I agree, and this reminds me: I really wish there was better URL (and DNS) literacy amongst the mainstream 'digitally literate'. It would help reduce risk of phishing attacks, allow people to observe and control state meaningful to their experience (e.g. knowing what the '?t=_' does in youtube), trimming of personal info like tracking params (e.g. utm_) before sharing, understanding https/padlock doesn't mean trusted. Etc. Generally, even the most internet-savvy age group, are vastly ill-equipped.
It doesn't help that URLs are badly designed. It's a mix of left- and rightmost significant notation, so the most significant part is in the middle of the URL and hard to spot for someone non-technical.
Really we should be going to com.ycombinator.news/item?id=45789474 instead.
> Generally, even the most internet-savvy age group, are vastly ill-equipped.
It’s a losing battle when even the tools (web browsers hiding URLs by default, heck even Firefox on iOS does it now!) and companies (making posters with nothing more than QR codes or search terms) are what they’re up against….
And with commercial software like Outlook being so ubiquitous and absolutely HORRENDOUS with url obfuscation, formatting, “in network” contacts, and seemingly random spam filtering.
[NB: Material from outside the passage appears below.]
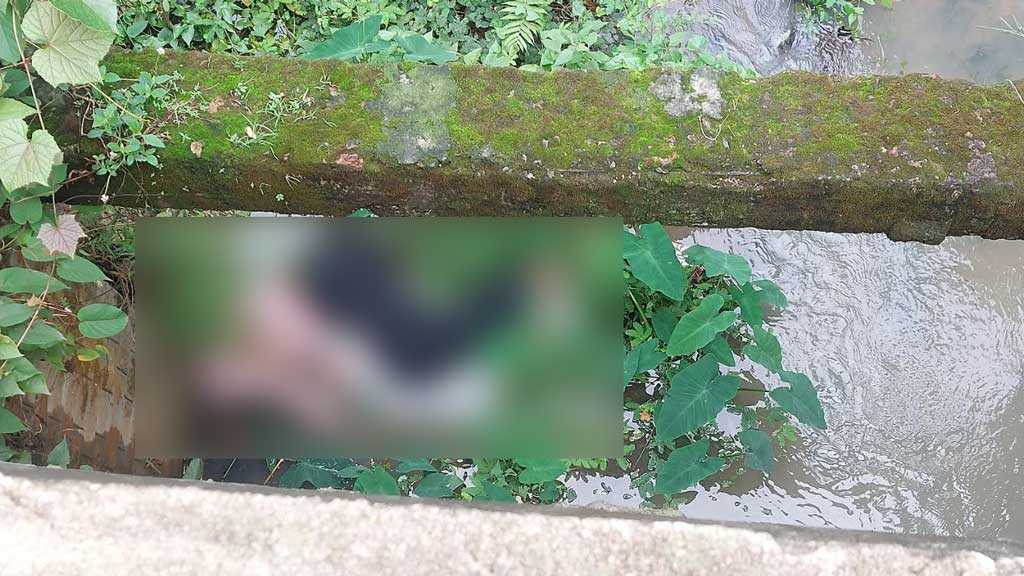 শ্রীপুরে রেল ব্রিজের নিচ থেকে অজ্ঞাত যুবকের মরদেহ উদ্ধার, ট্রেন থেকে পড়ে মৃত্যুর আশঙ্কা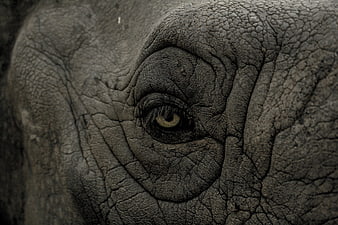Close-up of an elephant eye with wrinkled gray skin texture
Our company does phishing tests like most, and their checklist of suspicious behavior is 1 to 1 useless. Every item on the list is either 1: something that our company actually does with its real emails or 2: useless because outlook sucks a huge wang. So I basically never open emails and report almost everything I get. I’m sure the IT department enjoys the 80% false report rate.
Unfortunately, too many websites use tracking parameters in URLs, so when a URL is too long I tend to assume it's tracking and just remove all the extra parameters from it when saving or sending it to anyone.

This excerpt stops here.